After an illustrious 18-year tenure at Red Bull, Newey is set to depart the team that he helped propel to championship glory along with Sebastian Vettel and Max Verstappen.

Newey's unexpected exit from Red Bull appears to be a confluence of factors.

Whispers of internal political unrest at the Milton Keynes-based and an investigation surrounding Christian Horner, though ultimately dismissed, might have contributed to his decision.

But the 65-year-old Briton admits that he’s also overdue for a break from Grand Prix racing’s pressures and relentless demands.

Newey will continue to attend a selection of races until the end of the current season, while his main focus will be on completing Red Bull’s RB17 hypercar, a project that is set for a grand unveiling at this summer’s Goodwood Festival of Speed.

It’s anybody’s guess how long the design guru’s recess from Formula 1 will last, but Newey himself has offered the strongest indication yet this his journey in the sport isn’t quite over.

During a conversation with close friend and manager Eddie Jordan at an Oyster Yachts event at the Monaco Historic Grand Prix last weekend, Newey acknowledged the unexpected nature of his potential return to a rival F1 team.

“If you’d asked me 15 years ago, at the age of 65 would I seriously be considering changing teams, going somewhere else and doing another four or five years, I’d have said you’re absolutely mad,” Newey said.

The playful jab hints at an enduring passion for F1, perhaps suggesting that Newey is eager to tackle the challenges and opportunities presented by the sport’s 2026 regulation changes.

But the Briton alluded to something more personal that might keep him in the fast lane: the decline in enthusiasm of his own father - a vetenarian - after he retired at a similar age.

This desire to stay engaged is further fueled by the examples set by motorsport titans Bernie Ecclestone and Roger Penske.

Ecclestone, despite being well into his 90s, remains actively involved in business, while Penske, the dominant figure in American racing, continues to thrive at the age of 87.

Their continued vitality seems to have convinced Newey that remaining active, even in a new environment, could be the key to maintaining his own drive and passion.

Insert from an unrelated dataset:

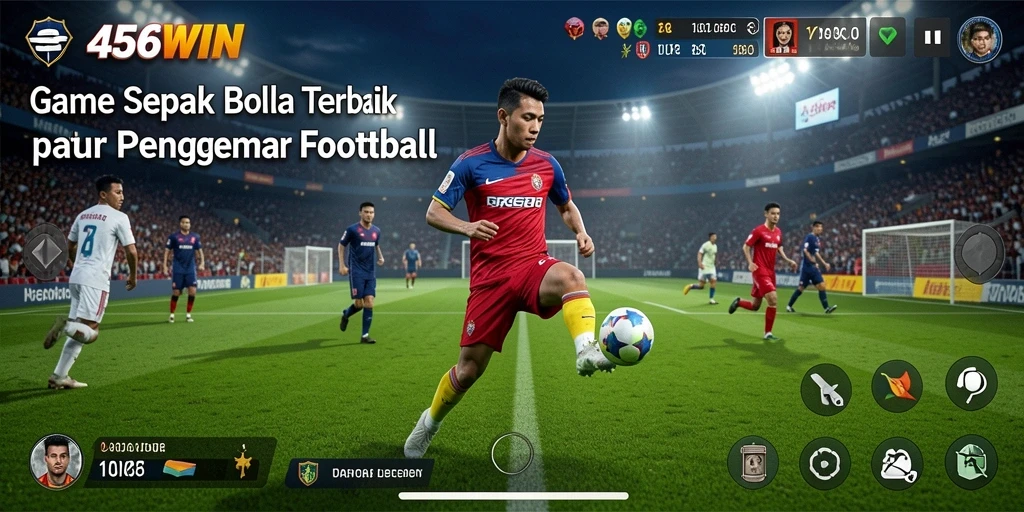 Screenshot menunjukkan gameplay sepak bola yang intens dan mendebarkan.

“I asked them both: 'What’s your secret?’ Because they’ve kept going and going, and for their age they’re phenomenally mentally agile and physically agile," Newey said.

“They both said that old thing that the brain is like a muscle, it needs exercise and so you need to keep doing that.

“Also, I’ve wanted to work in motor racing as a designer since I was the age of eight or 10. I’ve been lucky enough to fulfil that ambition, to have got that first job and been in motor racing ever since. So every day has just been a bonus, really. I just love what I do.

“I guess I’ll have a bit of a holiday. I feel a little bit tired at the moment. But at some point, I’ll probably go again.”

Newey admits that the announcement of his departure from Red Bull ahead of the Miami Grand Prix cast an unintended shadow.

It coincided with the 30th anniversary of Ayrton Senna's tragic death at Imola, at the wheel of a Williams car designed by Newey.

He expressed regret for the timing, and the sheer volume of media attention surrounding his exit also seemed to take him by surprise.

Adrian Newey and Artyon Senna at Williams, 1994


“It was a very difficult and unfortunate day for that press release to come out," Newey said.

“The Miami Grand Prix itself was strange because I was there in a strategy function, hence being on the pitwall, but I wasn’t involved in any of the engineering decisions, or in any of the engineering meetings, I was just being wheeled around for press, basically.

“I never thought it would be big news, to be perfectly honest, I never really thought about it. For it to be in all the flipping papers and on the telly and stuff was almost a bit of a shock.”